In spite of the fact that they couldn't find him because he'd gone back to 1917, it was easier to believe that Stanley had just run out into the rain because the phone's flash had startled him.
Les gendarmes went outside to search the grounds. They did not allow Devon to come with them, in case Devon was complicit in some way, he guessed. While he appreciated them being quite thorough about the whole thing, he was beginning to think he'd have been better off not calling them.
When les gendarmes came back from their search in and around the trenches, they gave Devon their conclusion.

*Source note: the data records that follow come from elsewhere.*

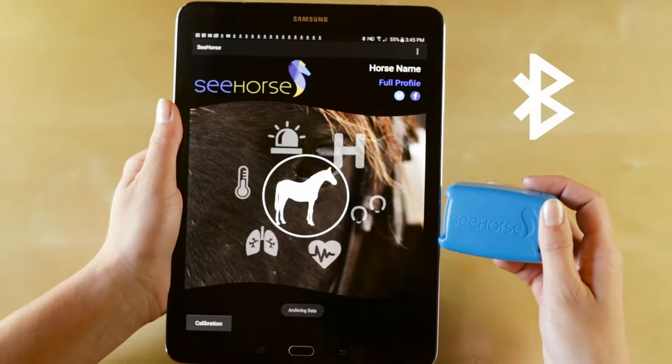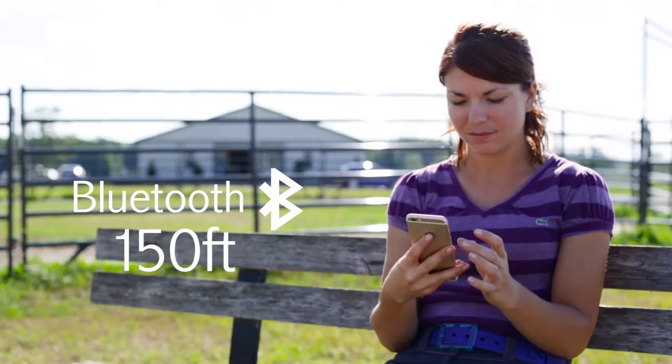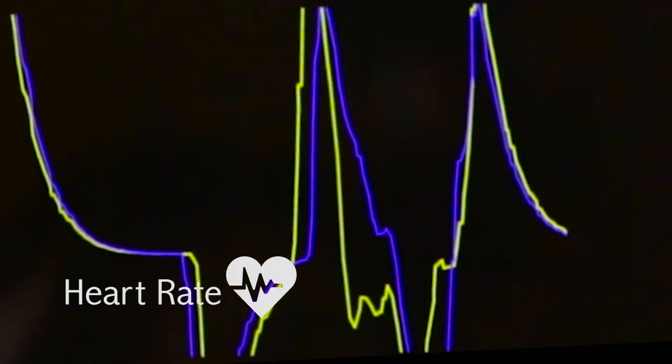Seahorse uses Bluetooth to provide the connection between the Seahorse device and your mobile device. The Bluetooth range provides about 150 feet of connectivity, in which you can monitor your horse in real time.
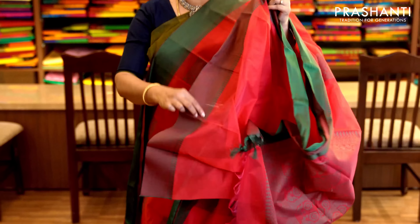One more color similar to the one I am wearing — green with magenta. Very pretty thread woven buttas running throughout the saree, with a contrast thread woven pallu in magenta and a plain magenta blouse. Priced at 1,490.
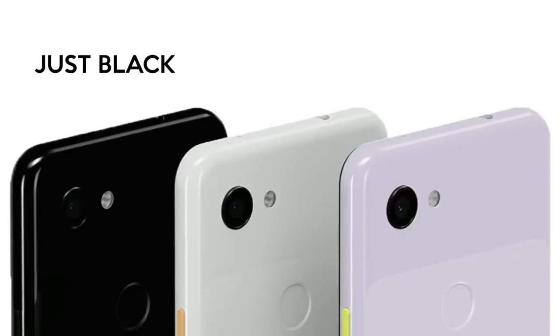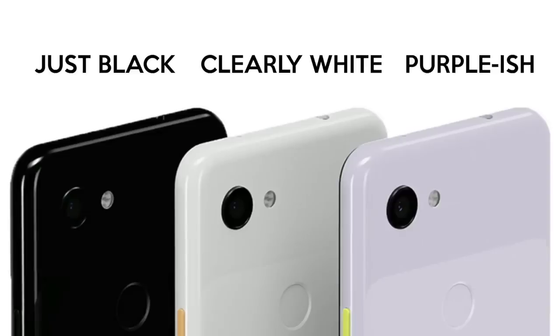Over here I have the Google Pixel 3a and the Google Pixel 3a XL. This phone actually comes in three different colours — just black, clearly white, and purple-ish. I love the way Google names their colours because it sounds super sarcastic in the most fun way. However, Singapore will not be having the purple-ish, so Singapore is just stuck with just black and clearly white.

"We have found nothing out of the ordinary, monsieur ," said the older officer as he closed his tablet. "Only your tracks in the mud we could see."
Which meant that the rain had washed away Stanley's footprints and left Devon's behind. Or not, because the footprints les gendarmes found had been the only ones to be found. Had Devon gone a little crazy? Had he been driven over the edge by his isolation, his focus on his paper, and the fact that he was so far from home without any friends that he'd imagined the whole encounter?
"Sign here," said the young officer as he held out an old-fashioned clipboard and a pen.
Devon did as they asked, his fingers numb.
"Call us if you need anything else, monsieur ," said both officers at the same time, and with that, they tipped their French police hats, got back into their Peugeot, and drove away, splashing rainwater with their tires as they went.
For a long moment, Devon stared at the car until it disappeared into the copse of trees along the road that led to the village.